From: Ralf W. Grosse-Kunstleve (rwgk_at_[hidden])
Date: 2002-01-20 08:31:28
> > FWIW: a few theoretical remarks (born out of very pragmatic needs):
> > ...
> > Memory management:
> > Ultimately any array is a one-dimensional array. Here I
> > see six important memory management policies that are
> > useful in different contexts:
> > - automatic allocation, fixed size() (aka boost::array)
> > - automatic allocation (fixed capacity), variable size()
> > - dynamic allocation, fixed size()
> > deep copy semantics
> > reference counted
> > - dynamic allocation, variable size() (e.g. std::vector)
> > deep copy semantics
> > reference counted
> is'nt the difference between e.g. 'automatic allocation,
> fixed size' and 'dynamic allocation fixed size' not more a
> question of the way you instantiate it instead of being a
> policy ? (just to sync terminology to make sure that I know
> what you're saying)
Do you mean
auto_fixed_size<int, 3> a;
auto_fixed_size<int, 3> *a = new auto_fixed_size<int, 3>;
To me it seems that the "new" statement throws you back to
the stone ages w.r.t. memory management.
smart_ptr is an improvement, but the expression for
allocation becomes horrendous, and access to the interface
of the embedded vector requires dereferencing.
> > A slice is just a special access scheme, or a generalized
> > simple access scheme.
> are'nt you mixing storage scheme and access schemes.
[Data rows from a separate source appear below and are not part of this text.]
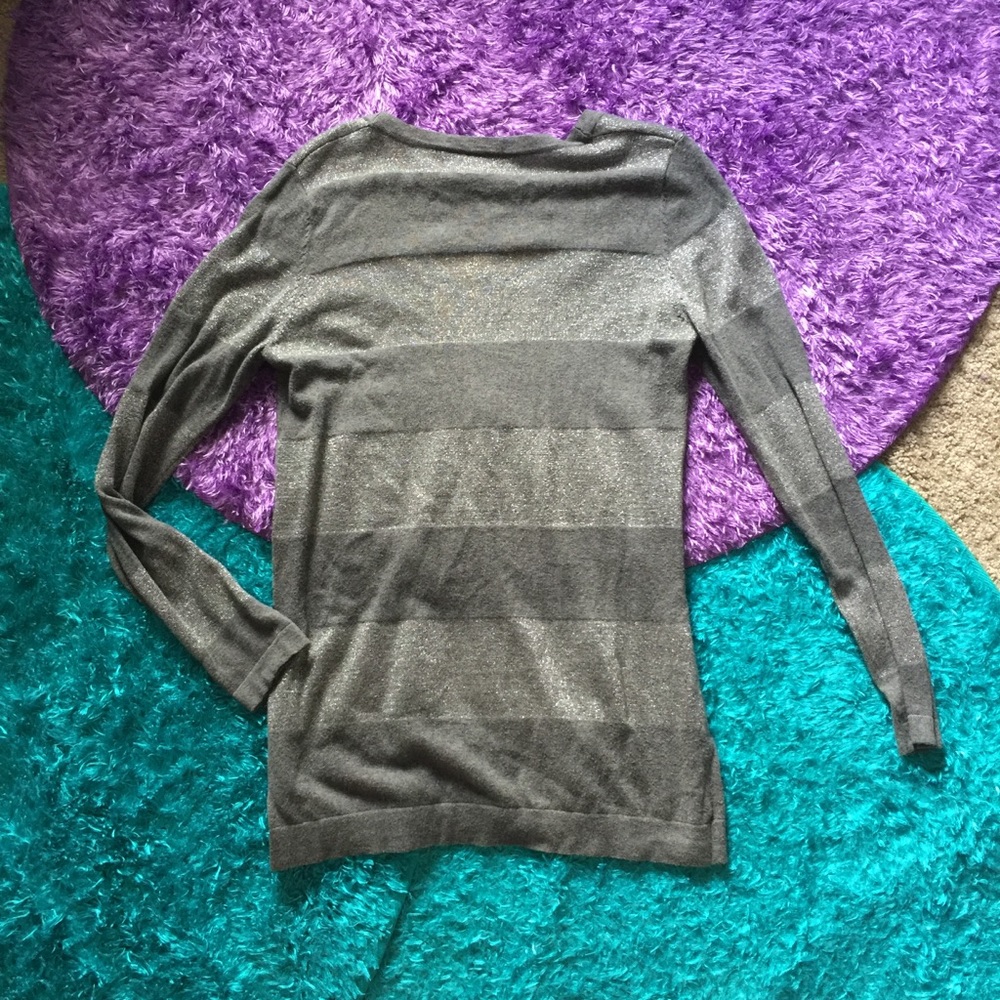 Glitter striped grey cardigan - Picture 5 of 7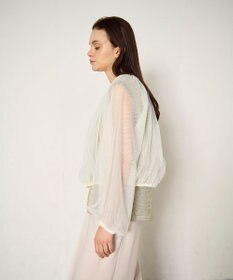 GRACE CONTINENTAL ギャザーチュールブルゾン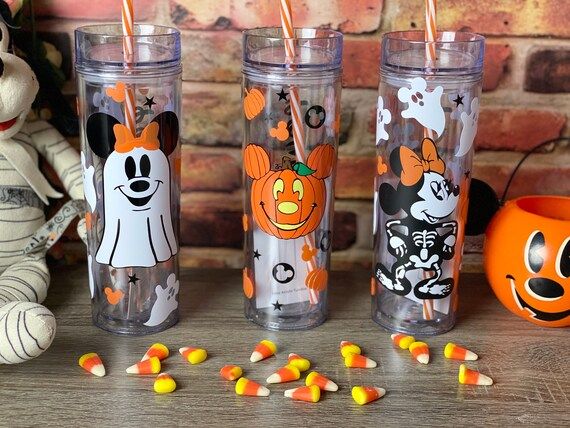 Disney Halloween Cup  Personalized Name Skinny Tumbler Cup | Etsy | Etsy (CAD)
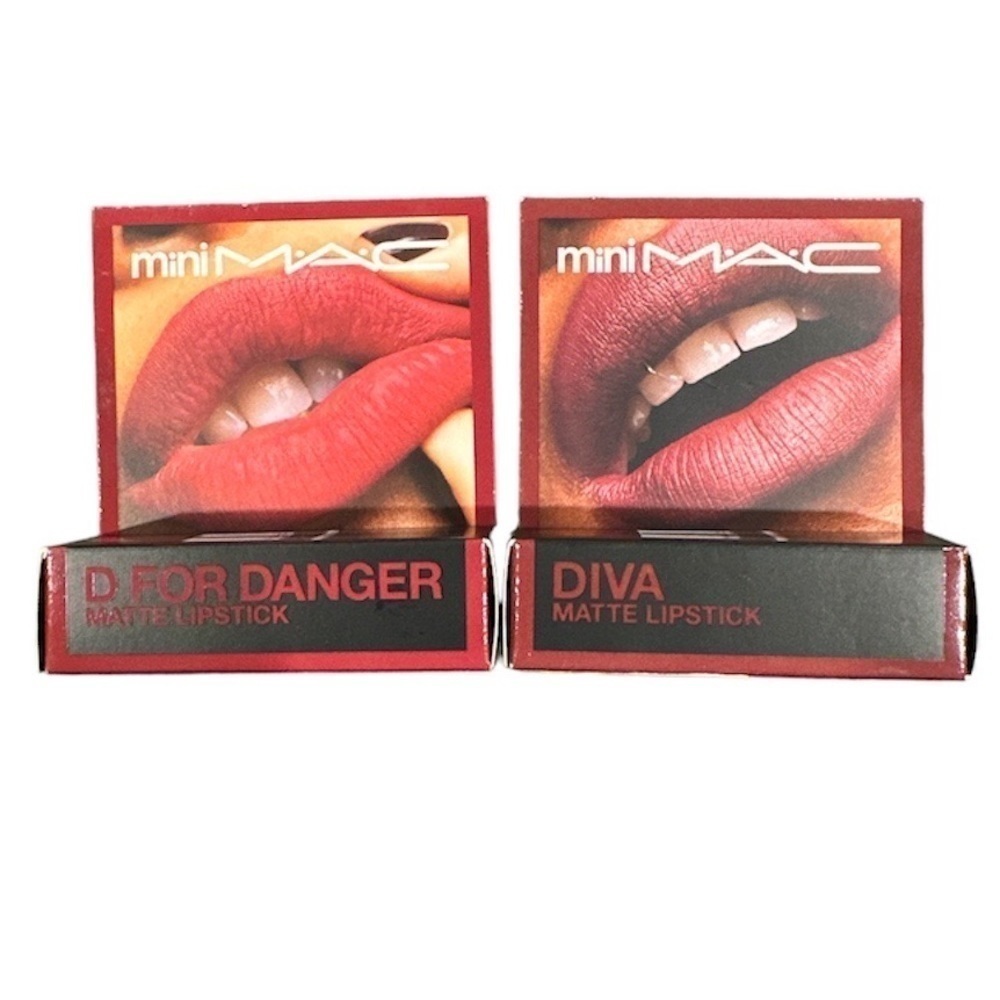 Mini MAC Lipsticks DIVA & D FOR DANGER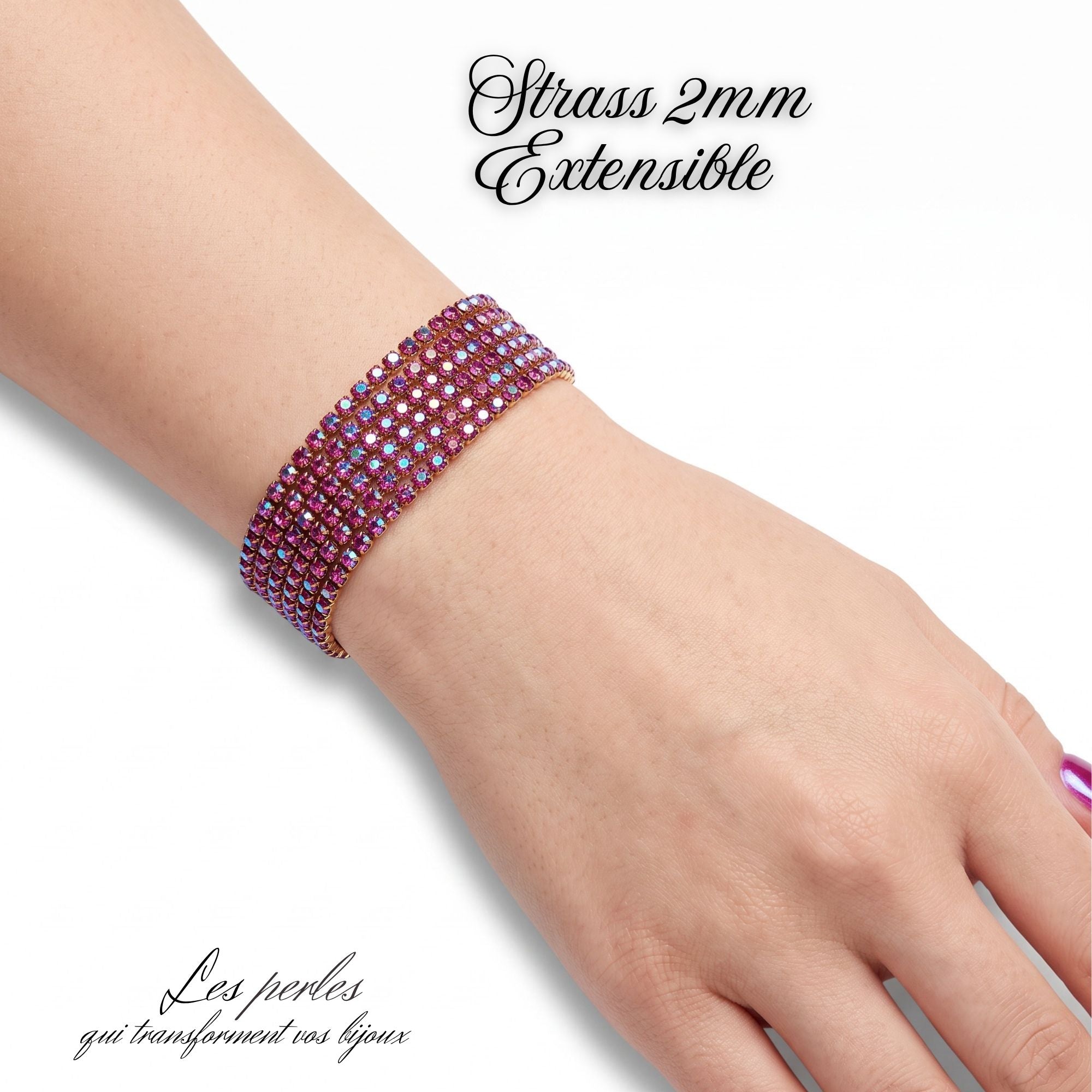 ARTSHOP Bracelets Strass n°27 bracelet élastique x1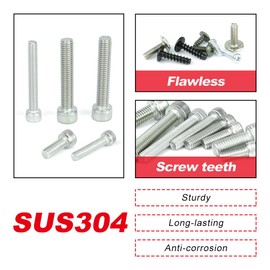 Xitomer Motorcycle Fairing Bolts Kits Fit for Ruckus 50 Zoomer 2003-2025, Fasteners Mounting Kits with Washers/Nuts/Fastenings/Clips/Grommets, Bodywork Stainless Steel Screws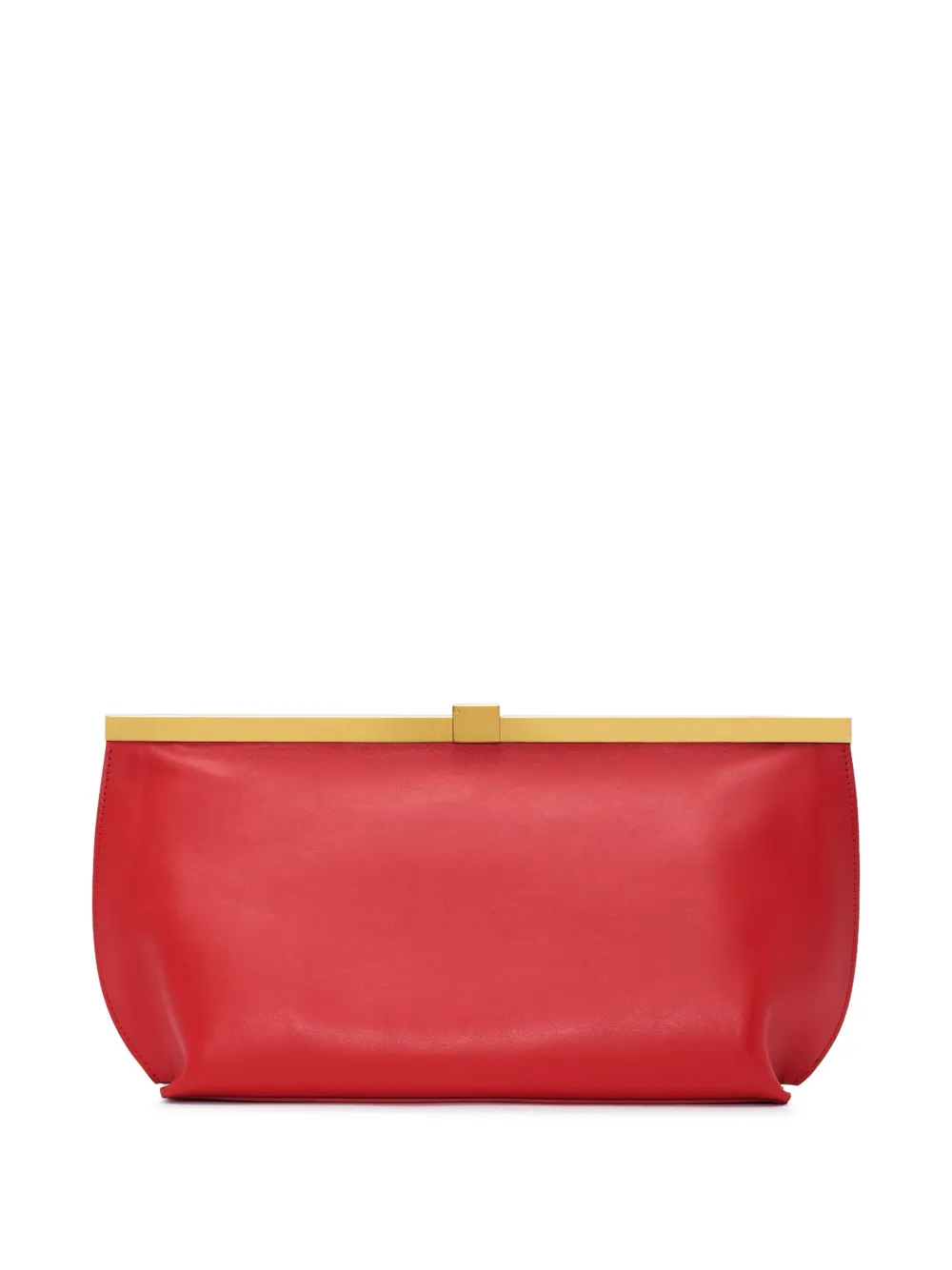 ANINE BING Aline clutch met logo-print Rood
After
> all, we want all matrices (sparse, skyline, dense, ....) to
> have the same interface (and thus 'access'-eable in the
> same way) but depending on the storage one way provides
> faster access compared to another access method (or
> complexity guarantees or dependent on the storage scheme
> underneath, which is actually similar to the STL)
My suggestions pertain only to dense arrays...
> BTW talking about access methods. After the performance
> discussion about multi_array, I'm inclined to say that the
> generic access methods for a multi-dimensional array lib
> are probably not performant enough for numerics without the
> proper specialisations for the 1D and 2D case.
> I think the linear-algebra world is big enough to justify
> this specialisation.
... because (1) we do not work with sparse arrays (yes, not
a good reason, but), (2) my instincts tell me that a uniform,
generic treatment of dense and sparse arrays will incur too
many performance penalties. However, I believe that a
uniform treatment of dense arrays is feasible.
> > A partial implementation of these ideas can be found in the
> > cvs tree at cctbx.sf.net (e.g. shared_storage.h, ndim.h,
> > loops.h; maps/ndim.h implements a specialized accessor;
> > naming is still a bit disorganized). We are currently
> > refining the design. I would be happy to share more details
> > if there is an interest.
> I'm interested. Does this mean that you have implemented another
> matrix-library (no blitz, mtl, ublas) ?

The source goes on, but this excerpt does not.